Now celebrated in countries around the world, Dia de los Muertos, or “Day of the Dead,” is a two-day holiday which originated in Mexico to remember deceased loved ones. It’s a Mexican national holiday and the country’s largest celebration of the year, but Dia de los Muertos extends well beyond to Guatemala, Brazil, Spain and Mexican-American communities in the United States and Canada.

The observance is Nov. 1 and 2, coinciding with the Catholic All Saints’ Day and All Souls’ Day.


Dia de los Muertos can be traced back to the Aztecs who celebrated with a festival for the goddess of the underworld, Mictecacihuatl.
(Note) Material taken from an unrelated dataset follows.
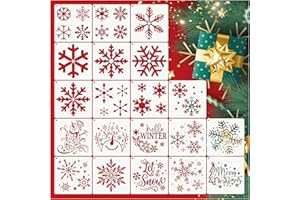 BOQON 20 Pieces Christmas Snowflake Stencil Reusable Stencils Plastic Let it Snow Holiday Stencils for Window Glass DIY Crafts Wall Doormat Wood (20 Snowflakes)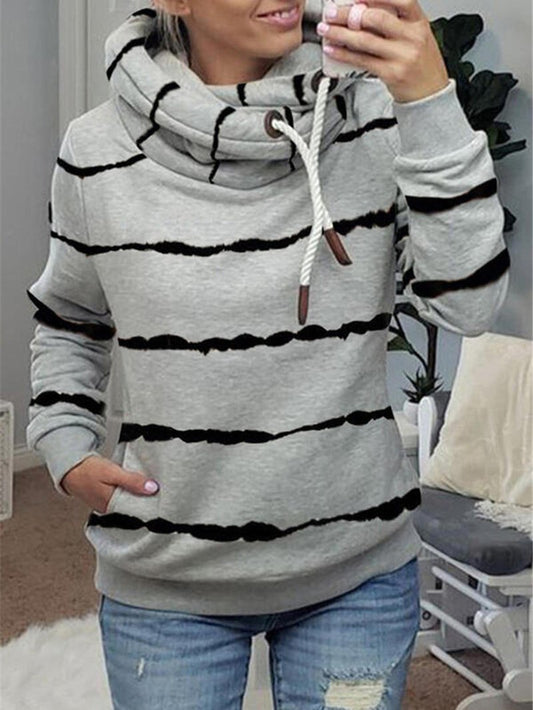 Women's Hoodies Striped Pocket Drawstring Long Sleeve Hoodie - LuckyFash™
The indigenous cultures of Mexico still honor the Lady of the Dead, the modern La Catrina.


During this holiday, families gather to celebrate those who have died as well as build alters in their homes, schools or other public places to pay homage to the deceased.


Many honor the dead with gifts of sugar skulls, chocolate, marigolds (the Mexican flower of death), sweetbreads and trinkets.

dia-de-los-muertos candy

Families also typically visit graves to deliver ofrendas, or “offerings,” and hold vigils with candles and photos.



What is death? It is the glass of life broken into a 
thousand pieces, where the soul disperses like
perfume from a flask, into the silence of the eternal

Unknown Author

Credit and thanks to:

http://www.ibtimes.co.uk/ Wikipedia /

11 thoughts on “El Dia de Los Muertos

  1. My wife made a Day of the Dead alter (small shrine) in our front room. It’s a good way to remember family and friends who are no longer with us and to reflect upon ones roots.


  2. Perfect drawing for this rather morbid celebration, John. We also have similar “celebrations” here to honor the dead – remembrance days, but coming to grips with the phenomenon [!] of death is always hard…
    Have a great weekend, my friend.


    1. the thing about the Mexican celebration is that it is not manifested in morbidity or sadness – it really is a ‘celebration’ of life in the face of death where Death is seen as a surreal figure dancing amongst us – quite different than how the end of life is seen in north American or Anglo Saxon culture. The Greek culture is ancient as is the Aztec and I wonder how much of that historical influence still exists in your ‘remembrance days’? Thank you for your thoughts my friend…


      1. There are so many different traditions, in Greece, they can vary from one village to another. There are some villages that keep ancient Greek traditions alive, but in most places they have adjusted and are more Christian. I think that one way or another they all are a celebration of life, one way or another.